Johnnie spends an excessive amount of time discussing her “hometown” and “region.” It is obviously a point of focus for her throughout the book. It appears to me that the two primary male characters, Scooter and Alphonso, are tangible human stand ins for her mild obsession with home versus away.

Scooter is so loved by Johnnie because he is home. On page 21 Johnnie writes to Scooter, “I am feeling melancholy for my hometown…suddenly I know that you are there…and I am hopeful for our town.” She also regularly discusses items of “home” with him, such as his devotion to [his] kids” and his “heart that is not so easily contained by a cage of ribs.” Thus, her extremely fond interactions with him are indicative of her inability to separate Scooter as a correspondent from Scooter as part of her home.

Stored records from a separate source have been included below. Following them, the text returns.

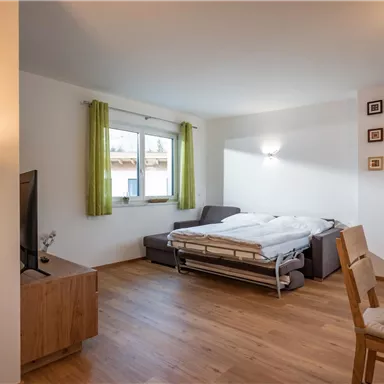 A modern living room with a sofa bed and a large window. The room is bright and friendly with wooden flooring and minimalist decor.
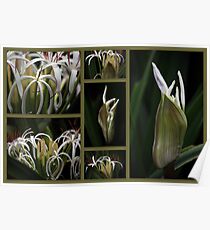 Some kind of Wonderful....Crinum pedunculatum Poster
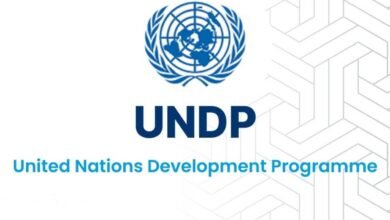 UNDP jobs july 2025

Alphonso exists as an opposite to this, which may explain the lack of outward affection Johnnie shows for him even though she does indicate she keeps his picture. He is the prime representation of “away” – something that Johnnie thinks about (as is evident of the picture), but does not feel as emotionally fond of. Correspondence with Alphonso is fraught with moments of confusion or misunderstanding. For example, Johnnie is confused, and perhaps threatened by, Misha the pigeon. The “treasures” of Alphonso’s house are also foreign to Johnnie as they are representations of religious deities and Johnnie “never ascribed to any religious learnings.” Alphonso is the unknown – the “away.”